Every line containing the string "Cover" is to be copied from the records.
══ DATA ══
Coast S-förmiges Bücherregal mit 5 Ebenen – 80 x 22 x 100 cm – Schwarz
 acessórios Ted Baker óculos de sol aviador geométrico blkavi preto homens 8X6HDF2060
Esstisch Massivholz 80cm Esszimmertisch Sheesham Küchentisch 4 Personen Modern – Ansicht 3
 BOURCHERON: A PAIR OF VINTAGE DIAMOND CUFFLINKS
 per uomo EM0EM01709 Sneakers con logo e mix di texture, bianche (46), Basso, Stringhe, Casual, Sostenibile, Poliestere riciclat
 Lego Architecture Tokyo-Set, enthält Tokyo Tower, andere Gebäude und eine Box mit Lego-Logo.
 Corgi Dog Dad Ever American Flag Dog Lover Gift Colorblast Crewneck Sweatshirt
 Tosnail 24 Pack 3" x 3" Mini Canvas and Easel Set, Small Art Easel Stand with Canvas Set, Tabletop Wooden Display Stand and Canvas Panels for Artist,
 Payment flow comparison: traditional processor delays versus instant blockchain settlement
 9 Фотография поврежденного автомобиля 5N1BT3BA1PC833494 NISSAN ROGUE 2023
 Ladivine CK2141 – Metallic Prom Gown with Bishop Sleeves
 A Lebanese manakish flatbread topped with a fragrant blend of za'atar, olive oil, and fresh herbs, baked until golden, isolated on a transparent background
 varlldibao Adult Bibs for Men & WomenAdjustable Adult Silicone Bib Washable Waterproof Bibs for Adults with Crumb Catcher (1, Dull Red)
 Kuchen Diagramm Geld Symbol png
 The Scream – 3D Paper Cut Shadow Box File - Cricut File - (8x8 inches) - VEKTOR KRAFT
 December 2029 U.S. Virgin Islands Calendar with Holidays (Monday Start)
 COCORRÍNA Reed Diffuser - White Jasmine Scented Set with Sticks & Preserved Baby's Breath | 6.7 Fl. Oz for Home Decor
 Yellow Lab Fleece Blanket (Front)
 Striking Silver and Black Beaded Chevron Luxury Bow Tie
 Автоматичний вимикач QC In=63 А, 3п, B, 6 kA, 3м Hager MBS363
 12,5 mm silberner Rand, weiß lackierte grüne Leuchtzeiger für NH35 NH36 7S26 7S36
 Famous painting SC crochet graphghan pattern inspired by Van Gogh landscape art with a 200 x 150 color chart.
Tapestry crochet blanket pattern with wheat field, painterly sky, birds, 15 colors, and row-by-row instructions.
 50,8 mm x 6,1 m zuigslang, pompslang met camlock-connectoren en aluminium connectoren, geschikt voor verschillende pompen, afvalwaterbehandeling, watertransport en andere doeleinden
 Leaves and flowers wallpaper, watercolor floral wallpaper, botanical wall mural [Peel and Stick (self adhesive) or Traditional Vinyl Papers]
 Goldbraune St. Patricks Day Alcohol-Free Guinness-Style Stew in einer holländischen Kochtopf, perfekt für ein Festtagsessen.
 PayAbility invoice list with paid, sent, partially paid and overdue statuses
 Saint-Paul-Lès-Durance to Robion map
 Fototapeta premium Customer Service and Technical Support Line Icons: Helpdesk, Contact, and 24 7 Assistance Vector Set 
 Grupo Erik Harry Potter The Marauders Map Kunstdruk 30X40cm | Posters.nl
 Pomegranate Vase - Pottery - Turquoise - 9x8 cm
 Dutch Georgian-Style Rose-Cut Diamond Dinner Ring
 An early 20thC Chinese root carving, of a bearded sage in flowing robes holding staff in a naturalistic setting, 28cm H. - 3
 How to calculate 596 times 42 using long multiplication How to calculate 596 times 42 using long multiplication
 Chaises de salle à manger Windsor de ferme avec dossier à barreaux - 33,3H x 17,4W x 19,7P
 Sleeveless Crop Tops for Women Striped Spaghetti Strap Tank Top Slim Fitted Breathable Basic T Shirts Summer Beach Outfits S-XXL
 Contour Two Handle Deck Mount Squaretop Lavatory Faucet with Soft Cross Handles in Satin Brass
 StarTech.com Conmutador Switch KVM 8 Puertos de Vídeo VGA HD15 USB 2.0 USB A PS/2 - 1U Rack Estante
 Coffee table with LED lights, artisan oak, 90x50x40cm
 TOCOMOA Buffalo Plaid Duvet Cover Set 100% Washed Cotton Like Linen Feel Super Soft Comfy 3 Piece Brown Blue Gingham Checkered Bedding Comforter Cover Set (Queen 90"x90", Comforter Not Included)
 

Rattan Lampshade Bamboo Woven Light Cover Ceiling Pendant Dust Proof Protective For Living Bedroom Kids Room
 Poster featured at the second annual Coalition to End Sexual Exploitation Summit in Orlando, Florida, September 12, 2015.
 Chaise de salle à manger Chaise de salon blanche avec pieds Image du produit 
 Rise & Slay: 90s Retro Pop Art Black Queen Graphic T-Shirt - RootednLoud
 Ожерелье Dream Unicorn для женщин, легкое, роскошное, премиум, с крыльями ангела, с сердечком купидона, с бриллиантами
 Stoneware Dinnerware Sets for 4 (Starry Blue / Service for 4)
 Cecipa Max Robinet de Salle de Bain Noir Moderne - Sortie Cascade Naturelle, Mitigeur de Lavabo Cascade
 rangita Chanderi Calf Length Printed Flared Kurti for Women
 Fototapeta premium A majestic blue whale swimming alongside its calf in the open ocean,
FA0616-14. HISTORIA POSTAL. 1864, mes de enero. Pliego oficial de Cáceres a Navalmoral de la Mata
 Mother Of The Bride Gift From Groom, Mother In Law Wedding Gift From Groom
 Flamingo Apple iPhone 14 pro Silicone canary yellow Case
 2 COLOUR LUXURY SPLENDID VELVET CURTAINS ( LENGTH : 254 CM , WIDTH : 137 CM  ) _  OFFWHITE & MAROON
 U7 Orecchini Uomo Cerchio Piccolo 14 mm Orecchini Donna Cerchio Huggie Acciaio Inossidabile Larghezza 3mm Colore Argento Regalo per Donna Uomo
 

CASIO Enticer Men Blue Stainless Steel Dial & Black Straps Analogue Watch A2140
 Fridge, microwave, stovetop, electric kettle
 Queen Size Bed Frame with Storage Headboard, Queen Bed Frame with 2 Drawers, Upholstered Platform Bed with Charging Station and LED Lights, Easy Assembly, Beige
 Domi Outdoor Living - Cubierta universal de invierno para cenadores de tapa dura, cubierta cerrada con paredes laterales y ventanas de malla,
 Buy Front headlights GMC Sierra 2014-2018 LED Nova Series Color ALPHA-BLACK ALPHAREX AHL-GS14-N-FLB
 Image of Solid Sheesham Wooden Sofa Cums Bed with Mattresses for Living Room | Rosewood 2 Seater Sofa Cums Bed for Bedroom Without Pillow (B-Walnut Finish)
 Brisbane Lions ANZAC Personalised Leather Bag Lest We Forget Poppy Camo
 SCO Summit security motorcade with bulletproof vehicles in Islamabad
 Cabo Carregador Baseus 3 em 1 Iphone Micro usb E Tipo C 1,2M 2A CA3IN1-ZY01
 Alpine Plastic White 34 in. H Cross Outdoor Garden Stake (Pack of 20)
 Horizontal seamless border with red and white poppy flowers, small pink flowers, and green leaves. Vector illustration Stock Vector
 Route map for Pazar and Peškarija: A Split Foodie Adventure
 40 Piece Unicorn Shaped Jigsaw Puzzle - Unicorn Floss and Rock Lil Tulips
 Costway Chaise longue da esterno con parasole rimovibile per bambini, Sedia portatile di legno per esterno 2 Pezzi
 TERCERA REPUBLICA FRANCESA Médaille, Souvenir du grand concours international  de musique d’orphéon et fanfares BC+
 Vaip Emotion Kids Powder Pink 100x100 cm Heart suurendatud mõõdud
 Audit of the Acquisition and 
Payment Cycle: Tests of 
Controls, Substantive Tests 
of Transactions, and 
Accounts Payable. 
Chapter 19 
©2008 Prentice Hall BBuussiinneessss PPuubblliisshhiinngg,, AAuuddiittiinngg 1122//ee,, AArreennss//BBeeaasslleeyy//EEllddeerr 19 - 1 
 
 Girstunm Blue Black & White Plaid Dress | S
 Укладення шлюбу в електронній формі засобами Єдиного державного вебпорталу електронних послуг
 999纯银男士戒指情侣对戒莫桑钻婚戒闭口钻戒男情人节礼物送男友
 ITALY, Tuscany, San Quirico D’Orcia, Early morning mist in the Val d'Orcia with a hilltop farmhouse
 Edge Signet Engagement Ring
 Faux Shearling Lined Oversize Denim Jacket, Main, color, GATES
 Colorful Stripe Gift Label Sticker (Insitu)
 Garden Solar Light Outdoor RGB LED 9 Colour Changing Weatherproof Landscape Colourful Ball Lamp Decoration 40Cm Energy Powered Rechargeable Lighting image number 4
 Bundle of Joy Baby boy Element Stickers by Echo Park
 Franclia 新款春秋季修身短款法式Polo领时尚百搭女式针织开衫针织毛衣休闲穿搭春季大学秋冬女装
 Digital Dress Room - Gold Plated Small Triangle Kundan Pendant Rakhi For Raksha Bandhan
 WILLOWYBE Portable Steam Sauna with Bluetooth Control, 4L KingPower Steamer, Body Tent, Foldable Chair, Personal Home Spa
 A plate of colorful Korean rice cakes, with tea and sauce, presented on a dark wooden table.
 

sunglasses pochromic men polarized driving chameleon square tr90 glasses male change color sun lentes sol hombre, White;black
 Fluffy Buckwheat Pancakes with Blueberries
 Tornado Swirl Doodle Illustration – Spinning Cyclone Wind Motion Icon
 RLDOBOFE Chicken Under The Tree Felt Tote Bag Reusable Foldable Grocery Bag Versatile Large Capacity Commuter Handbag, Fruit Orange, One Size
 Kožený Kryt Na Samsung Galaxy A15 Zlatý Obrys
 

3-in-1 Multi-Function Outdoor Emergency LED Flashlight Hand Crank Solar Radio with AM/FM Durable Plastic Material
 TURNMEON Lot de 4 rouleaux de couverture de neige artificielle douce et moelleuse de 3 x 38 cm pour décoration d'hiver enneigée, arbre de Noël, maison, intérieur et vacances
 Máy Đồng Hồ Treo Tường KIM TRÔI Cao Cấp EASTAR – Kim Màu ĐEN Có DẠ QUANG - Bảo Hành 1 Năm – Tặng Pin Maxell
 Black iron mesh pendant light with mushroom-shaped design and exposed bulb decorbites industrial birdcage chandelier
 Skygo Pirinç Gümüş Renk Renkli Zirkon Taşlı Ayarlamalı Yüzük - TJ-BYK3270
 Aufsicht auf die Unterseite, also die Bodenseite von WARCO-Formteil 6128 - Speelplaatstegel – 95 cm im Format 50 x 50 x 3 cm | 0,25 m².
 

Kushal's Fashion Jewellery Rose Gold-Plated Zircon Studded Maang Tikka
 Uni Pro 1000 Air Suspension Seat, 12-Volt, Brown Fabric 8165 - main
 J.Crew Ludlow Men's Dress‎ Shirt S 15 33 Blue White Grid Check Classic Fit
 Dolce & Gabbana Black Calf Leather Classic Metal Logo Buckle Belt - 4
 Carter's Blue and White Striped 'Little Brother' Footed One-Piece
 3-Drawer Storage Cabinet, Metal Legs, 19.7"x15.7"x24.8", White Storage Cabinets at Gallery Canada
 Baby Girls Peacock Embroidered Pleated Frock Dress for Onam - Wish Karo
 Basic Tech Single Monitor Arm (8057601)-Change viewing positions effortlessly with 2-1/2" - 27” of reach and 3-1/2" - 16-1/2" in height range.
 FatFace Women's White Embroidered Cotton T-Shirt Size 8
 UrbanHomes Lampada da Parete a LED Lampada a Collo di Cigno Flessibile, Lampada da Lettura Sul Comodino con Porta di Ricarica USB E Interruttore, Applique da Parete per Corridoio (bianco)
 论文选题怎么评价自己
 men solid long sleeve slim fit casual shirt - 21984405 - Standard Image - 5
═══
• **RESULT FOR THIS EXERCISE**:
 TOCOMOA Buffalo Plaid Duvet Cover Set 100% Washed Cotton Like Linen Feel Super Soft Comfy 3 Piece Brown Blue Gingham Checkered Bedding Comforter Cover Set (Queen 90"x90", Comforter Not Included)
Rattan Lampshade Bamboo Woven Light Cover Ceiling Pendant Dust Proof Protective For Living Bedroom Kids Room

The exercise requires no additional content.